The Financial Sector Conduct Authority (FSCA) in South Africa is seeking to increase regulation and prosecute crypto-related dealings after the recent collapse of a Bitcoin Trader suspected of being the country’s biggest Ponzi scheme.
According to a report by Bloomberg, the head of the enforcement at FSCA Brandon Topsham said that the financial watchdog is preparing new proposals to better regulate trading for various cryptocurrencies including ETH, XRP, and LTC.
After ascertaining fraud at the accused company, Mirror Trading International Ltd (MTI), the FSCA handed over the details of its investigation to a top specialized police unit.
“At the point something becomes a Ponzi scheme, we have lost our jurisdiction. We need the police and the prosecuting authority to work fast and put people in jail.”
Missing 23,000 Bitcoins Worth Over $737 Million
In November 2020, the bitcoin trader claimed to have 260,000 clients and a total of 23,000 Bitcoin worth approximately $737 million at the current price of $32,044.
The company’s management team later announced on December 22 via Telegram that they had been misled by the company’s CEO Johann Steynberg who had allegedly fled to Brazil.
According to the FSCA, four temporary units have been set up to trace MTI’s investors to recover the lost assets, including some millions of rands that was used to pay early players in the Ponzi scheme.
FSCA investigations also revealed that MTI didn’t keep any accounting or customer records, except for 170,000 unique email addresses that were discovered in a police raid in October 2020.
MTI’s Licensing Ambiguity
According to the heads of the referral program at MTI, Clynton and Cheri Marks who joined the firm in August, FSCA’s investigations only declared MTI as operating without a license and not as a Ponzi scheme.
“MTI set out to see what requirements are necessary to obtain a license.”
The two further claimed that when the MTI’s CEO found out licensing would be impossible to obtain, he moved the firm to crypto-trading, where licensing isn’t mandatory.
“The live trades were demonstrated to the FSCA during 2020 and MTI cooperated with every request from the FSCA.”
While they both claim to have no contact with or know the whereabouts of the missing CEO, they still stated that they are certain Steynberg will repay all owned bitcoin investments to their customers.
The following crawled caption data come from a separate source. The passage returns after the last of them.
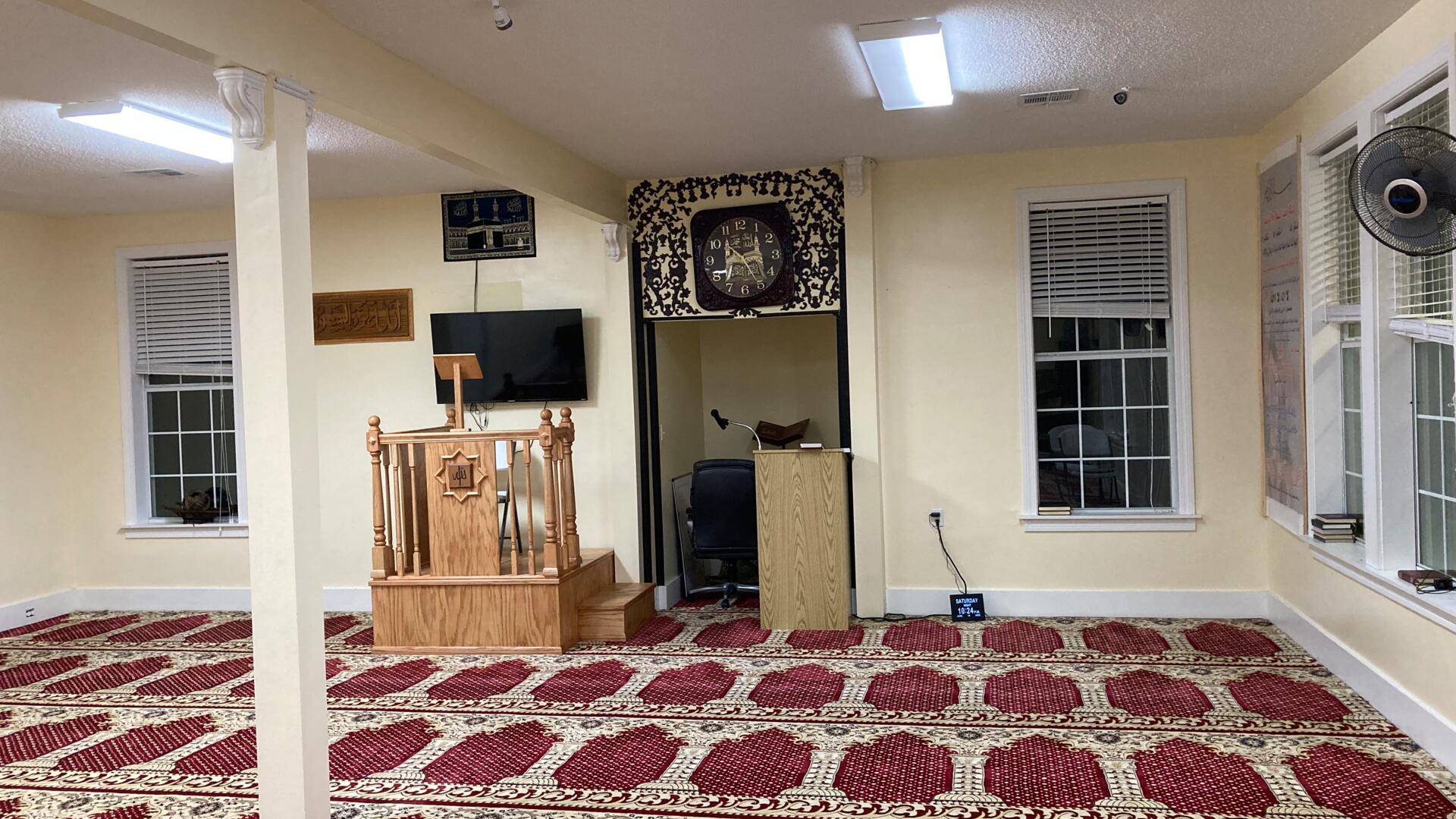 Islamic Center of Mississippi & Alabama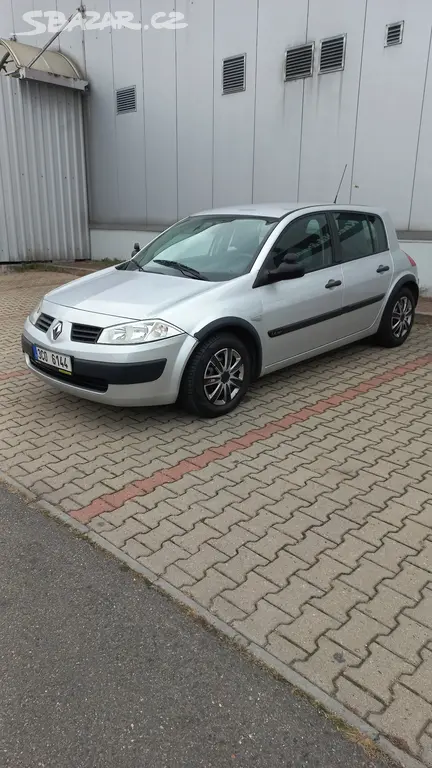 Renault megane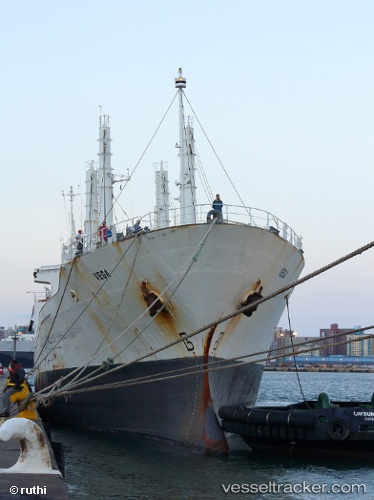 vessel Vega IMO: 8898271, Fishing Vessel
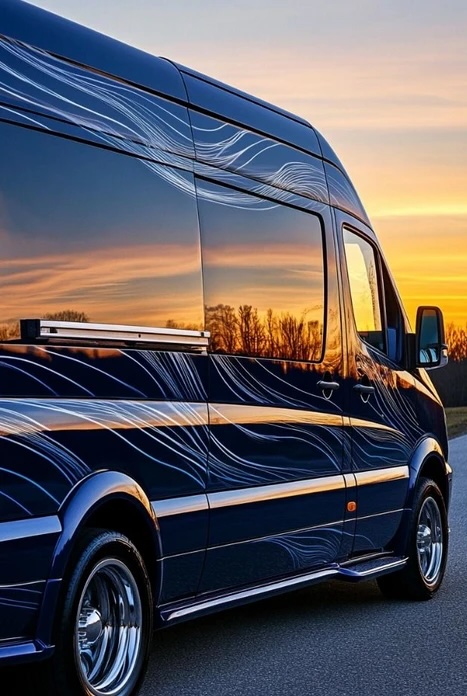 Mercedes Sprinter 906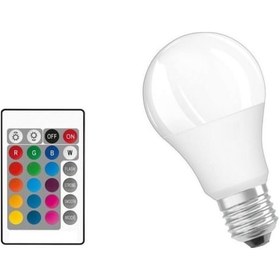 Resim Helios Hs 2078 Kumandalı Rgb Led Ampul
Bitcoin’s bull run which started in the second half of 2020 has attracted many worldwide speculation and scams masquerading as short-term high yield trading platforms, forcing many regulators to enforce additional trading rules.
The FSCA concluded that it will have to dig deeper into MTI to determine exactly how much money was involved, including an investigation of two more firms linked to the Ponzi scheme.